Jul 31, 2021 - Oct 30, 2022
1219 SW Park Ave, Portland, OR
General Accessibility

Overview

A “true grandchild of the Great Migration,” Sharita Towne creates installations that are multi-voiced, poetic, and informative. As a transdisciplinary artist, Towne has built a practice steeped in the work of collaboration, cultural organizing, and arts infrastructure building. Towne’s exhibition for the APEX series is a culmination of this work that takes her to the most recent projects reflected in the city of Portland now. In the course of the year-long exhibition, Towne will change over some of the work to introduce new community projects in the winter of 2022.The exhibition provides a glimpse into Towne’s burgeoning project “A Black Art Ecology of Portland” (BAEP), an initiative she launched in 2019 to bring together community organizations in support of creating, reclaiming, and redefining spaces for Black art and audiences in Portland. BAEP remaps historical and contemporary Black creative life in Portland and beyond. Activities have included developing co-creative spaces for art, murals, public art activation, video, COVID relief, residencies, DIY publishing, a comedy show, memorials for Black life, and more. Towne’s ongoing research has led the artist into Black geography and assistance in local organizations that center Black life.
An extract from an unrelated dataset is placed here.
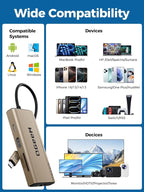 QGeeM USB C Hub Ethernet, 9 in 1 USB Type C Hub HDMI Multi-Port Converter - Image 7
Towne’s artistic foundation and vision in working with neighborhoods aligns with Project Row Houses in Houston, Art + Practice in Los Angeles, Dorchester Projects in Chicago, and The Black School in Harlem and New Orleans. The work presented here shows projects within affordable housing, city streets, art venues, forged through institutional and community collaborations.

Addressing the transdisciplinary nature of her work, Towne states, “With BAEP I think of the city as form. And Ecology is used to counter the mid-century logic of blight—that Black people are a detriment to an urban ecology. BAEP acknowledges the active, creative vitality of Black communities from the past, present, and into the future of Portland.”

In the APEX exhibition, viewers will see projects that were created with community members including Portland Institute for Contemporary Art (PICA), Albina Vision Trust, Soul Business District Association, Self-Enhancement Inc., Imagine Black, Nat Turner Project, and Northwest Black Comedy Festival, among others. Additionally, projects with BAEP @ nůn studios reflect Towne’s lyrical mode of dissemination—through riso prints and zines.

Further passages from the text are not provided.